The context has always been that “sometimes corporate executives are so busy (or ignorant) that they do not take the time to consider new solutions that could improve their situations dramatically.”
When I saw the cartoon the first time I also throught that the King must be daft. However, when I thought twice about it I changed my perspective.
The machine gun salesman had apparently talked to the King’s people. He had apparently convinced the king’s people that he had something of interest. However, the king’s people were not able to convey the value of the machine gun to the King. At least not to the extent that the King is prepared to take a time-out now and listen to the value proposition.
Is this situation so unusual?
Not at all.

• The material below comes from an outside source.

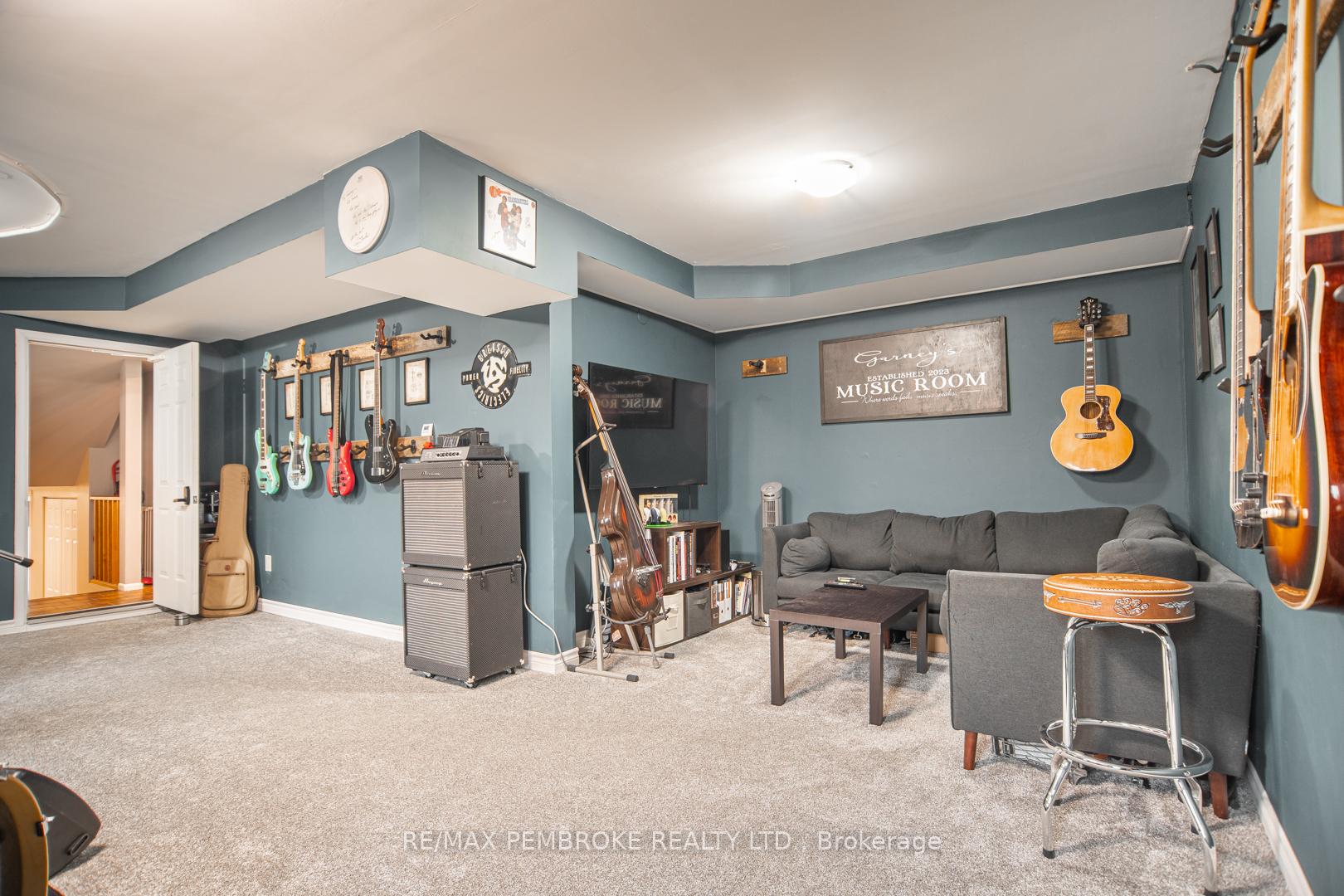 Photo 27 of 177 Sylvan Drive, Petawawa, Petawawa — HOMEH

This happens each and every day all over the world in the year 2014 and it will continue so forever.
The Kings needs a victory
The machine gun salesman is trying to sell the King a product today. The King needs a victory today. The enemy is lining up on the battlefield. The King has to fight now. He cannot cancel the battle and call the enemy when he is ready.
This difference in terminology and mindset between sales people and customer executives is common.
Sales people are speaking a language that makes customer executives fall asleep or doesn’t manage to catch their span of attention. Sales people peddle a product, but ignore all the training and implementation issues associated with making the product deliver value. Executives want something that works when they need it. They want to have the full RoI analysis and risk assessment before making a critical investment decision.
Making machine guns win battles is much more than just buying the hardware.
Crossing the chasm
I have come to the conclusion that the King is the King (we can’t change him, we can’t remove him, we must learn to deal with him or we must avoid him). So we may have the wrong sales strategy in the first place (is the King an early innovator?). We may have the wrong salesman assigned to the account (is today the best time for a sales call?).
We have a killer app (sorry!!), but we apparently need to navigate the King’s purchase process much different.
In the software industry, where I operate, our products are invisible. Imagine being a salesman with an invisible product. Imagine selling something that is invisible AND that the customer has never heard of before. Something that is also truly disruptive.
There are approaches for overcoming such obstacles. I agree that these approaches were not available when the King was king, but they are available today.
Don’t blame the customer – blame yourself
As sales persons we get to know a lot about the domain area in which we operate. Often we get to know much more than our potential customers. As we refine our sales pitch and win new customers we get frustrated when potential customers “don’t get it.”
How come some customers get it and others don’t?
It is easy to jump to the conclusion that potential customers that don’t get it must be “ignorants.” However, blaming our failing sales strategy on the customers may prevent us from making the changes that could overcome the resistance.
Look in the mirror. That’s where all the answers are.